I noticed that the system is far more responsive when emerging, if I use a lower MAKEOPTS setting. Maybe you think these flags are too conservative, but that of course depends on what you mean by 'full advantage'. The best advantage is in my opinion to have a stable (=tried&true) system, so I mostly follow the dev's recommendations.

To be able to come with relevant tips, I must know what you're switching from  :Smile: 

----------

## Solak

CHOST="i686-pc-linux-gnu"

CFLAGS="-march=k8 -O2 -pipe -fomit-frame-pointer"

CXXFLAGS="${CFLAGS}"

makeopts = '-j3' 

That's when you building 32bit system.

I've build my gentoo with those flags and it runs great.

Also remember about all sse,sse2,sse3 goodness, when you'll be choosing USE flags :)

----------

## Seek

CFLAGS="-march=athlon64 -msse3 -O2 -pipe -fno-ident"

CXXFLAGS="${CFLAGS}"

LDFLAGS="-Wl,-O1 -Wl,--as-needed"

CHOST="x86_64-pc-linux-gnu"

MAKEOPTS="-j3"

#just a few   :Smile: 

USE="glibc-omitfp ssse3 smp 3dnowext mmxext"

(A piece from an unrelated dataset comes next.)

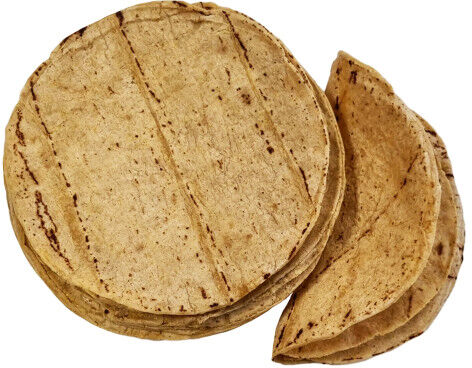 La Fonda Fresh Taquera Tortillas 20PCS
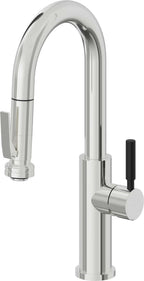 California Faucets Corsano Bar and Prep Faucets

here on my 'AMD Athlon(tm) 64 X2 Dual Core Processor 4800+', completely stable!

Don't worry about the LDFLAGS, they are supported by Gentoo. Means if they don't work you can report a bug!

Whole Ubuntu uses them too...

----------

## snakeo2

thanks for the advise. I will do some cleaning, add a zalman cpu cooler 7000B to cool the x2 and also a more ram which should bring me close to 2gb. I will report back to follow up.

----------

## snakeo2

Happy to report that upgrade went without any problems so far. Added the zalman 7000, the AMD Athlon 64 X2 4200 and both XP and Gentoo were able to boot without any issues. Here is my /make.conf

Do I now need to run " emerge world " to be rebuild my entire system ???

 These settings were set by the catalyst build script that automatically built$

# Please consult /etc/make.conf.example for a more detailed example

CFLAGS="-march=athlon64 -msse3 -O2 -pipe"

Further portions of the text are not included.